I agree that you can fatten up your margins if your wait longer and take a chance that a book appreciates. But most volume investors are going to cover their initial costs first and flip off the bat. The investment philosophy you guys are saying is true if a book appreciates, but some of these comments of how little instant flippers make per hour is far far far far from true. Let's not kid ourselves here while defaming flippers. You can dislike them for damaging the comic industry, or driving down the price of a book since they have a volume profit model, or the fact that they put profit over the content of a book, but let's not think that they a foolish enough to work for minimum wage. The only flippers making minimum wage are the ones that do all four of these things; drive 30 miles to comic stores, wait in hour long lines at the post office to ship, sell/package books one by one, and sell books for $0.50 above their purchase price. I can't say for sure, but I don't think there are any that check all of these boxes. I know a few flippers (not Viperdays). None of them operate this way.

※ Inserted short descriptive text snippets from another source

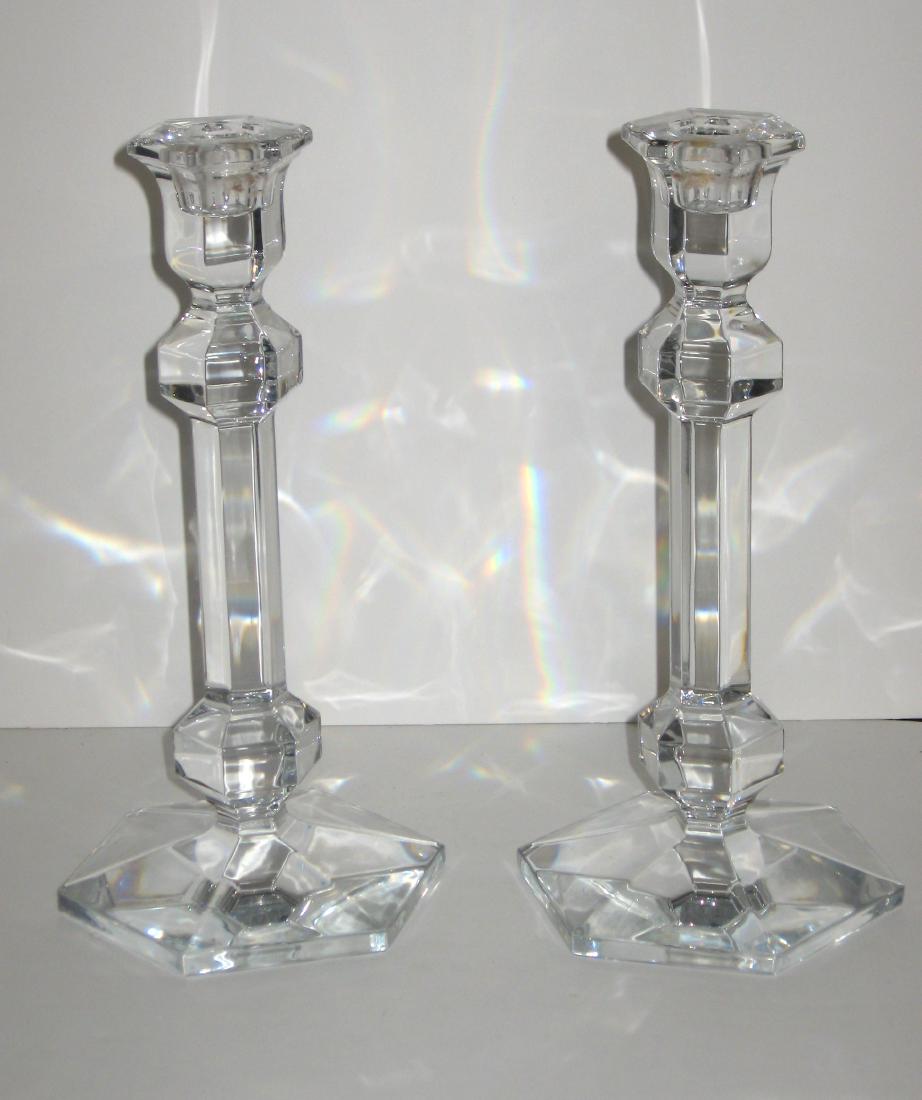 Pair of Val St. Lambert  candlesticks (1 of 4)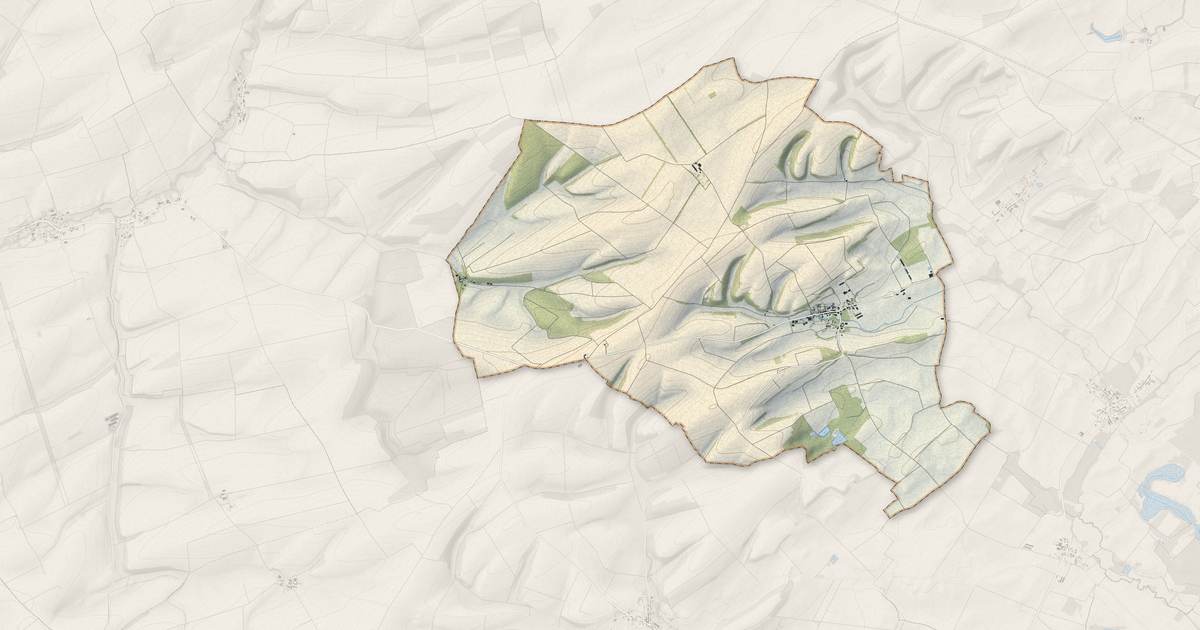 Portrait cartographique de Bussy-le-Repos : relief, eau, forêts, bâti et voies, calculés à partir des données de l'IGN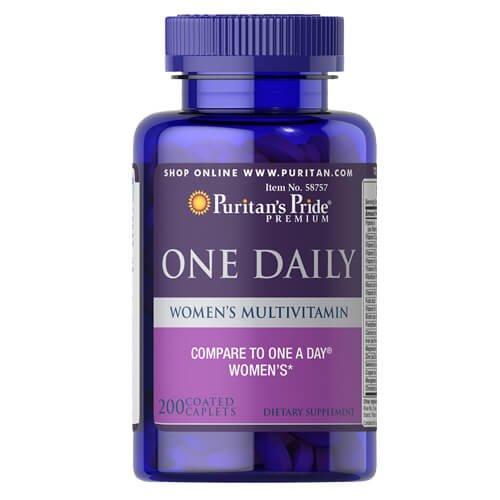 Puritan's Pride One Daily Women's Multivitamin 200 таб., фото 1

They are all savvy business people that have well paying jobs and broad investment portfolios. There are too many opportunity costs and the concept of comparative advantage keeps them from working for minimum wage. Comic books are just another investment item for them and they would not do it for minimum wage.

 

As to what is healthier for the industry, you are right that wide-spread speculation and a flooding of non-traditional collectors distorting the natural supply demand equilibrium is going to pop this bubble. This is no different than investing in tulips in 17th century Holland, or purchasing debt in the South Seas company, or investing in the pre1929 US stock market on margin. All of these were bubbles that were driven with speculation. And like these bubbles, there will be a correction, but who knows when. Some speculators will lose money at the end, some will have costs covered at a minimum. The speculators that won't get caught in a bubble burst are the ones that immediately cover costs. I have covered all costs on my comics. So if I don't sell another comic and they all get reduced to $0 value, I still won't lose anything and would have made a profit...above minimum wage. Enough above minimum wage that Saga paid for the new double paned windows in my house. NWM is going to pay for the new bar I am installing. I still have over 200 EOW, 50 Sex, 50 Helheim, 3 SAGA RRP 9.8, 2 Comics Pro ToT 9.8, and 6 Saga #1 getting graded at CGC. So I am hoping that this still market keeps up a little longer.